▶ Task prompt:
Reproduce exactly the line containing "Building Photo - 1809" and every line after it, through the last line of the records below; add nothing.

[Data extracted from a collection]
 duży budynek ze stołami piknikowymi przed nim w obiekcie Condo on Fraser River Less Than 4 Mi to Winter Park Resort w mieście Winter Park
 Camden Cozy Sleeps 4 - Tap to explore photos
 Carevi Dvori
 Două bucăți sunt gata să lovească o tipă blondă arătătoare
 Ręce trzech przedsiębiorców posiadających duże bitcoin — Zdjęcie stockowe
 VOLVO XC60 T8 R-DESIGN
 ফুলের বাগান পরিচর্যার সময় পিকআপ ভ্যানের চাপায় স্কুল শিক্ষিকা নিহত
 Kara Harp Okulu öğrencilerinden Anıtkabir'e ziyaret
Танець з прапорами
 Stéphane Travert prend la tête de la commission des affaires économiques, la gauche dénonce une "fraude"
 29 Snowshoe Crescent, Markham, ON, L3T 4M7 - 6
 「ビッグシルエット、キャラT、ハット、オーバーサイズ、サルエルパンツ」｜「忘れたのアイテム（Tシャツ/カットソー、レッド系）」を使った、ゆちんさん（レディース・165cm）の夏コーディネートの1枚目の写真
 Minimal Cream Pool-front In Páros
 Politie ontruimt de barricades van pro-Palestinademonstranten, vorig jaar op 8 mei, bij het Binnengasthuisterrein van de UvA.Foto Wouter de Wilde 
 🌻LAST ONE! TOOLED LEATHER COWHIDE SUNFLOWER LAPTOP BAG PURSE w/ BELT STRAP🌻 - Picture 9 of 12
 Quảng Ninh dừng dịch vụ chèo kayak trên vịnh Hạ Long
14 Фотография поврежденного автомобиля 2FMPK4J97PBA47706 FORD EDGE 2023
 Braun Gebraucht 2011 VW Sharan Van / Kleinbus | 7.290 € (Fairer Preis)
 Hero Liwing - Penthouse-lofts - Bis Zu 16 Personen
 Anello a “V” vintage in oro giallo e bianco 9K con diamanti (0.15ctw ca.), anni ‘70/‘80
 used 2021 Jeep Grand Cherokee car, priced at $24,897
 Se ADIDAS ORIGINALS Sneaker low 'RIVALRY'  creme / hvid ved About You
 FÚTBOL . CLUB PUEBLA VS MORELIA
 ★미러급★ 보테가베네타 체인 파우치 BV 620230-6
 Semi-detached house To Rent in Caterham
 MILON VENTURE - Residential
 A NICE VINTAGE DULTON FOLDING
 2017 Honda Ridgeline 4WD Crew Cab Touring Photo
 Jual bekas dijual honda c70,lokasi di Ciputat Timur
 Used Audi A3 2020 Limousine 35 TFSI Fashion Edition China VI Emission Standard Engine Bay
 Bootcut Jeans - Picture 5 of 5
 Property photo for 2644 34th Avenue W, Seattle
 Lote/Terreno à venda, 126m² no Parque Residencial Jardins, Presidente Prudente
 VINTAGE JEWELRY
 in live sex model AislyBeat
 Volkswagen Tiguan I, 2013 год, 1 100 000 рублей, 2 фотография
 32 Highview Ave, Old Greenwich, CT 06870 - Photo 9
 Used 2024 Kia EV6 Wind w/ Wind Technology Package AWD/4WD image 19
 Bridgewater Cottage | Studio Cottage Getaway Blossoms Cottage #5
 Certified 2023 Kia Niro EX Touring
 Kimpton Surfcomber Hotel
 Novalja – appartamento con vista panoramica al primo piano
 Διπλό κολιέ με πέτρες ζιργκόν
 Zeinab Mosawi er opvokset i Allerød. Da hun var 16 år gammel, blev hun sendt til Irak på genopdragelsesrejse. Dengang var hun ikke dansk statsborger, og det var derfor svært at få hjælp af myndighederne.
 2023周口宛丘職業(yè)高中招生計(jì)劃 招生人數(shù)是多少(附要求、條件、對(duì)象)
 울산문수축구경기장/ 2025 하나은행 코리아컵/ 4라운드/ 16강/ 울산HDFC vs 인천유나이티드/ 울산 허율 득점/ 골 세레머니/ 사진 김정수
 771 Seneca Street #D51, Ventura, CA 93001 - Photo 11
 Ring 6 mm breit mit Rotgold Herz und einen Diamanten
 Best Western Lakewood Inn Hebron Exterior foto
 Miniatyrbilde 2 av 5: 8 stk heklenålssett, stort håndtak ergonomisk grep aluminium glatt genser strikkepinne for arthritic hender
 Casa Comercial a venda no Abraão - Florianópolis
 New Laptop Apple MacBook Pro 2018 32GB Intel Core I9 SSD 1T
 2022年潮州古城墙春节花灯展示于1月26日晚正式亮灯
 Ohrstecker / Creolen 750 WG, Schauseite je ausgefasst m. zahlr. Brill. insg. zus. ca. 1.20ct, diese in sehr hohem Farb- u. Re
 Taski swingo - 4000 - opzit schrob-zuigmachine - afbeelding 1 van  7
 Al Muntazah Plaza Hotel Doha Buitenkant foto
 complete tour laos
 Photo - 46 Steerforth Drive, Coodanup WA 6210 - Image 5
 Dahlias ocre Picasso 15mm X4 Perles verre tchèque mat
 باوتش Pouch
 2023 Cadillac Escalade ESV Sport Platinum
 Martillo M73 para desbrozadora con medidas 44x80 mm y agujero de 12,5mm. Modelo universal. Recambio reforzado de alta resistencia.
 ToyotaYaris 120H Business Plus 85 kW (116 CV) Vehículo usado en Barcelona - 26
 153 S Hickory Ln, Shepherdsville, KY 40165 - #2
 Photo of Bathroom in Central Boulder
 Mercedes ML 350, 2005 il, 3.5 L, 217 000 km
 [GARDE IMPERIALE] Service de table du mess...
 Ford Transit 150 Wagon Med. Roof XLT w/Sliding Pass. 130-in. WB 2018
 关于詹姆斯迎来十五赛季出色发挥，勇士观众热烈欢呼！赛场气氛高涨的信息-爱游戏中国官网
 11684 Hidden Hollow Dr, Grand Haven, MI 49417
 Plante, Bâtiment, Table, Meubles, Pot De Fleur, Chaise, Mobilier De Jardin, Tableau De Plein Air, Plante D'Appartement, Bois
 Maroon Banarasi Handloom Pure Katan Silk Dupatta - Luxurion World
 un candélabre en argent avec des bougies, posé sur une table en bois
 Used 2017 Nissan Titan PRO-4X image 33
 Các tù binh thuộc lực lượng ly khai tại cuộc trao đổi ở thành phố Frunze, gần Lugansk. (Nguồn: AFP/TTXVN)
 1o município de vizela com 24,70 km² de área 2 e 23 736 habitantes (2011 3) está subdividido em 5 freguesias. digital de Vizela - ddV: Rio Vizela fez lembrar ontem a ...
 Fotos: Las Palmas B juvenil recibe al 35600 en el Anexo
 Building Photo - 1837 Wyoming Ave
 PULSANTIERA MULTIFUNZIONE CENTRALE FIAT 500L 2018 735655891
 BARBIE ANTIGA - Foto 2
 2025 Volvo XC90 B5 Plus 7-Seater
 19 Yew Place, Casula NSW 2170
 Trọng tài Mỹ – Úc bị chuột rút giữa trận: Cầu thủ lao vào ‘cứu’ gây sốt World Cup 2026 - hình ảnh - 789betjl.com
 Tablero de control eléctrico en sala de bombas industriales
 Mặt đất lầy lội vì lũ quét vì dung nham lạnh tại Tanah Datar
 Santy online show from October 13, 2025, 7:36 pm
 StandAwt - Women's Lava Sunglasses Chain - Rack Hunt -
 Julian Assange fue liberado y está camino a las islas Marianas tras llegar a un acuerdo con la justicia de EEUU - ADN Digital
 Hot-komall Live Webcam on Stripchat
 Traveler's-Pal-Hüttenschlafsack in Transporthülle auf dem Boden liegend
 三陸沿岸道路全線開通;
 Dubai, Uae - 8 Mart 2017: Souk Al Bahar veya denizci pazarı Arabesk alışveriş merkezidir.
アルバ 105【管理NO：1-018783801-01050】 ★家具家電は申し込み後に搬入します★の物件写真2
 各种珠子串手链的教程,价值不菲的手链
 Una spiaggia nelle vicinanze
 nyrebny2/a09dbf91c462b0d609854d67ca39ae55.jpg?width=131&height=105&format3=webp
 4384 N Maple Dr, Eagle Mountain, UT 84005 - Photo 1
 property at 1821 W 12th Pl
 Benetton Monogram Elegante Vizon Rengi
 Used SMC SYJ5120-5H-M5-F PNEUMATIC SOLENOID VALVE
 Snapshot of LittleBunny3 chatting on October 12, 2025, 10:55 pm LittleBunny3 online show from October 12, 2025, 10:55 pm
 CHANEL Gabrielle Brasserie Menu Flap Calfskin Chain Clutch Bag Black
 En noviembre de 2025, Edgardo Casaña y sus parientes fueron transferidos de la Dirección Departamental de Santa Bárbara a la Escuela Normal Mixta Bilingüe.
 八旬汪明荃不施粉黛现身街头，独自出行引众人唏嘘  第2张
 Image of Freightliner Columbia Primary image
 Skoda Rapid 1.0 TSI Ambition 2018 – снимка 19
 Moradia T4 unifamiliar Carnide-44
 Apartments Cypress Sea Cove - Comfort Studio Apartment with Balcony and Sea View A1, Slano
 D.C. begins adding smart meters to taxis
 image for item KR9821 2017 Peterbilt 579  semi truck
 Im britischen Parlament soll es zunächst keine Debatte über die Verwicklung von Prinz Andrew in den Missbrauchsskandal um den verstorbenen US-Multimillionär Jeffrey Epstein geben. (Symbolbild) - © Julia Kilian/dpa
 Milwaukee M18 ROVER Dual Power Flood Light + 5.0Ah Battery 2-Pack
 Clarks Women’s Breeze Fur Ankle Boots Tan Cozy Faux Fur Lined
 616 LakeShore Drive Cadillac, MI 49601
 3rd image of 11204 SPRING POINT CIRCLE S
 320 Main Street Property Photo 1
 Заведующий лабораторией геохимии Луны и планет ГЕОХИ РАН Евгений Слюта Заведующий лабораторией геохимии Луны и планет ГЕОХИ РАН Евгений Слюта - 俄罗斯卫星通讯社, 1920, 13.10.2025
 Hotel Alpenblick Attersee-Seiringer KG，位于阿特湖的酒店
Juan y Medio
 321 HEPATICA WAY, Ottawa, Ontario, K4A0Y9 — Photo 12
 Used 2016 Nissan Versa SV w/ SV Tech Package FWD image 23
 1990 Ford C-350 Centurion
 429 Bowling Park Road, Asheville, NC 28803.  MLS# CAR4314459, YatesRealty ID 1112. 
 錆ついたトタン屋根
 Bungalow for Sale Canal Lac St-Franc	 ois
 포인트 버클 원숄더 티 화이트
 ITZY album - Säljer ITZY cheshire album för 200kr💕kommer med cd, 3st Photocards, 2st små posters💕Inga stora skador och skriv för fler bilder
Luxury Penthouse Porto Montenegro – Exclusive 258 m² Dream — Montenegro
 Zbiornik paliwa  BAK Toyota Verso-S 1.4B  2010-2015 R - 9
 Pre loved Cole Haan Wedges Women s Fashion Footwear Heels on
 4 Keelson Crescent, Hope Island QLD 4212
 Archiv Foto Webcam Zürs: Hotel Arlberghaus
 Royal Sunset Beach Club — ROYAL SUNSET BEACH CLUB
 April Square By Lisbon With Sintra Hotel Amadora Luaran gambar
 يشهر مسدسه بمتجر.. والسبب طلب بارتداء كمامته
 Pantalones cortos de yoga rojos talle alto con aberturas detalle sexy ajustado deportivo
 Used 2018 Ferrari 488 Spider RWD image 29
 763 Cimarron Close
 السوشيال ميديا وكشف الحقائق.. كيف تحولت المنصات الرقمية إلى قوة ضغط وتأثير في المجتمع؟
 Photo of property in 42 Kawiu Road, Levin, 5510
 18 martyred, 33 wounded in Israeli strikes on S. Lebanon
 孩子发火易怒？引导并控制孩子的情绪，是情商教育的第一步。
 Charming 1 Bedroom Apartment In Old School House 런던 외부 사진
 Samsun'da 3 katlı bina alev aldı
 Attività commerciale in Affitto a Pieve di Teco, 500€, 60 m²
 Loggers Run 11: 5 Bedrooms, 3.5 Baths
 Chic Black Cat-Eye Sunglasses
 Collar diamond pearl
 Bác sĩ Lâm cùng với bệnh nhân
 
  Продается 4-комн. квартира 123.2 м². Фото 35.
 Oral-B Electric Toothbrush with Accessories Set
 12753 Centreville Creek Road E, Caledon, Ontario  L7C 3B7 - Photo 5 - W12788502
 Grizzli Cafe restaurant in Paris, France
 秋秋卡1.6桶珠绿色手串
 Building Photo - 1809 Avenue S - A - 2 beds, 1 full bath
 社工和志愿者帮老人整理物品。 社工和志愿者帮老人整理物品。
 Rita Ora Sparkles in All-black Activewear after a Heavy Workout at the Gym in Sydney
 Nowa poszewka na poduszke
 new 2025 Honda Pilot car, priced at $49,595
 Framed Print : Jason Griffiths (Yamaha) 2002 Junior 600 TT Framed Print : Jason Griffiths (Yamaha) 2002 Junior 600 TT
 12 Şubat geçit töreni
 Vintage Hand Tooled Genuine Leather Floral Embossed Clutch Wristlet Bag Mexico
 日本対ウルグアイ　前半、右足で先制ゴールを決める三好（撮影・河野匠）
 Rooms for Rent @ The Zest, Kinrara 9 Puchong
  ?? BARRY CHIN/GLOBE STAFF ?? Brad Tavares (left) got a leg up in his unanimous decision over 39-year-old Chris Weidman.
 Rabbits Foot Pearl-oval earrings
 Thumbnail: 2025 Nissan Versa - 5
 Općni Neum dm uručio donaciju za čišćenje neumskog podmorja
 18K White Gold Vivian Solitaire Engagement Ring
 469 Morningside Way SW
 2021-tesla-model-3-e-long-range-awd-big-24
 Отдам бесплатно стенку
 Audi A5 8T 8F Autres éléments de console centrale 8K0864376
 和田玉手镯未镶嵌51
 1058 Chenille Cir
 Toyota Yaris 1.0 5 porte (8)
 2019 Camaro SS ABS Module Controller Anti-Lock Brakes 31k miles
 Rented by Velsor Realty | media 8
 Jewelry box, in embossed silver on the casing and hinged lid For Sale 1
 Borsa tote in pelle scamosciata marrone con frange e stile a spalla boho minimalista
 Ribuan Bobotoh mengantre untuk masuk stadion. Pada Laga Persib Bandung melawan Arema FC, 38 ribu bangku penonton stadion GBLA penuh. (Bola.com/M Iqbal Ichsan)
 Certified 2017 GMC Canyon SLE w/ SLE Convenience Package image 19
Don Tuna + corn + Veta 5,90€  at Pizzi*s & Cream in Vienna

▶ Result:
 Building Photo - 1809 Avenue S - A - 2 beds, 1 full bath
 社工和志愿者帮老人整理物品。 社工和志愿者帮老人整理物品。
 Rita Ora Sparkles in All-black Activewear after a Heavy Workout at the Gym in Sydney
 Nowa poszewka na poduszke
 new 2025 Honda Pilot car, priced at $49,595
 Framed Print : Jason Griffiths (Yamaha) 2002 Junior 600 TT Framed Print : Jason Griffiths (Yamaha) 2002 Junior 600 TT
 12 Şubat geçit töreni
 Vintage Hand Tooled Genuine Leather Floral Embossed Clutch Wristlet Bag Mexico
 日本対ウルグアイ　前半、右足で先制ゴールを決める三好（撮影・河野匠）
 Rooms for Rent @ The Zest, Kinrara 9 Puchong
  ?? BARRY CHIN/GLOBE STAFF ?? Brad Tavares (left) got a leg up in his unanimous decision over 39-year-old Chris Weidman.
 Rabbits Foot Pearl-oval earrings
 Thumbnail: 2025 Nissan Versa - 5
 Općni Neum dm uručio donaciju za čišćenje neumskog podmorja
 18K White Gold Vivian Solitaire Engagement Ring
 469 Morningside Way SW
 2021-tesla-model-3-e-long-range-awd-big-24
 Отдам бесплатно стенку
 Audi A5 8T 8F Autres éléments de console centrale 8K0864376
 和田玉手镯未镶嵌51
 1058 Chenille Cir
 Toyota Yaris 1.0 5 porte (8)
 2019 Camaro SS ABS Module Controller Anti-Lock Brakes 31k miles
 Rented by Velsor Realty | media 8
 Jewelry box, in embossed silver on the casing and hinged lid For Sale 1
 Borsa tote in pelle scamosciata marrone con frange e stile a spalla boho minimalista
 Ribuan Bobotoh mengantre untuk masuk stadion. Pada Laga Persib Bandung melawan Arema FC, 38 ribu bangku penonton stadion GBLA penuh. (Bola.com/M Iqbal Ichsan)
 Certified 2017 GMC Canyon SLE w/ SLE Convenience Package image 19
Don Tuna + corn + Veta 5,90€  at Pizzi*s & Cream in Vienna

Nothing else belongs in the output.